Armed with this knowledge, I figured out that I needed to both poke a size upper bound into a particular pointer, and read its actual size afterwards, and that pretty much got it working properly. Viola!
In some good news that actually happened last Friday, the TWG committee has voted to approve the proposal for recommendation to the Haskell Foundation.
This is a recommendation and not a commitment, and the Foundation still has to accept (or reject) it, but they are meeting Thursday, and this item is on the agenda! I obviously have high hopes, but I’ve made it this far with everyone’s help and feedback, and either way I’m happy to have had your support.
'Til next time!
It has been a busy few days, and I am happy to state today that unit tests for botan-low
are minimally complete! I divvied up up the remaining unit tests into similar groups, and managed to get through them all, including a few fixes for key agreement and key encapsulation, which were the final pubkey operations.
Admittedly, there’s still lots of testing improvements to be made, but every primitive should be passing tests for at least one algorithm, and most of them for several or all. Its awkward to use, but it all seems to be working, aside from a few specific things that need a more dedicated focus (which we are getting closer to now that these tests are done).
After writing these tests, I am also thinking about making a change in responsibilities regarding botan-low
vs botan
- making botan-low
be more responsible for all of the algorithm data types.
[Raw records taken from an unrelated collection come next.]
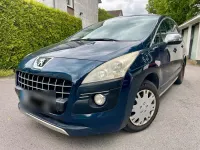 Gebraucht Peugeot 3008 156 PS (114 kW) 2009 Blau Kombi
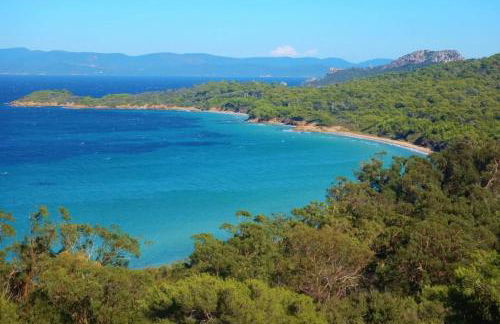 Coquet T2 rénové, proche plages et Hyères, 4 couchages - Foto 11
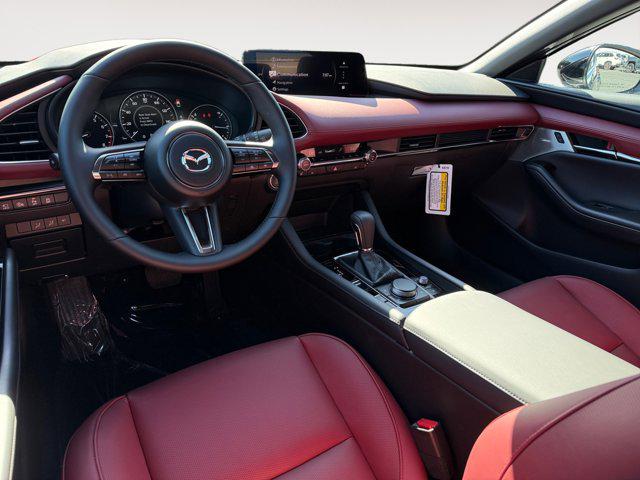 2026 Mazda Mazda3 2.5 Turbo Premium Plus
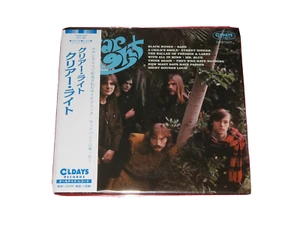 CLEAR LIGHT Clear Light with Bonus Tracks JAPAN MINI LP CD - Picture 1 of 3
It’s hard to get 100% algorithm combination testing coverage using only string data types, because not everything is compatible, and the tests help us tell what is - so algorithm ADTs are almost necessary to do better testing.
This would be a slight departure from the proposal already, but not a great one, and I believe the proposal process acknowledges this sort of change anyhow. I’m sure it will all shake loose as things develop.
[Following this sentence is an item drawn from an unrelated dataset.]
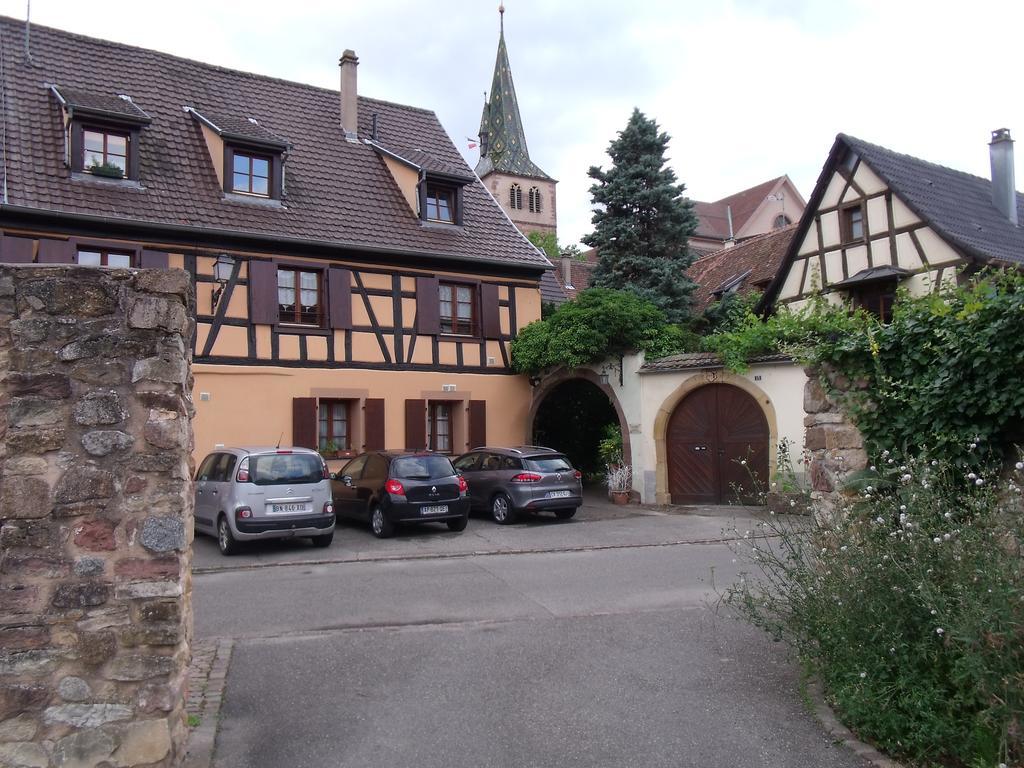 Studio La Grenouillere Turckheim Exterior foto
The repo has been updated.
Also I just noticed I goofed on a commit message as I pasted the previous message for format but forgot to edit it - the second commit entitled Added unit tests for PubKey DH, DSA, ElGamal, and RSA
should be entitled Added unit tests for PubKey ECDH, ECDSA, and SM2
- pay this no mind
I am also thinking about making a change in responsibilities regarding
botan-low
vsbotan
- makingbotan-low
be more responsible for all of the algorithm data types.
For the record, I like that botan-low API currently simply mimics botan’s FFI API by accepting strings and I think it should stay this way for mirroring and flexibility purposes.
Higher level API with ADTs should be a layer over it.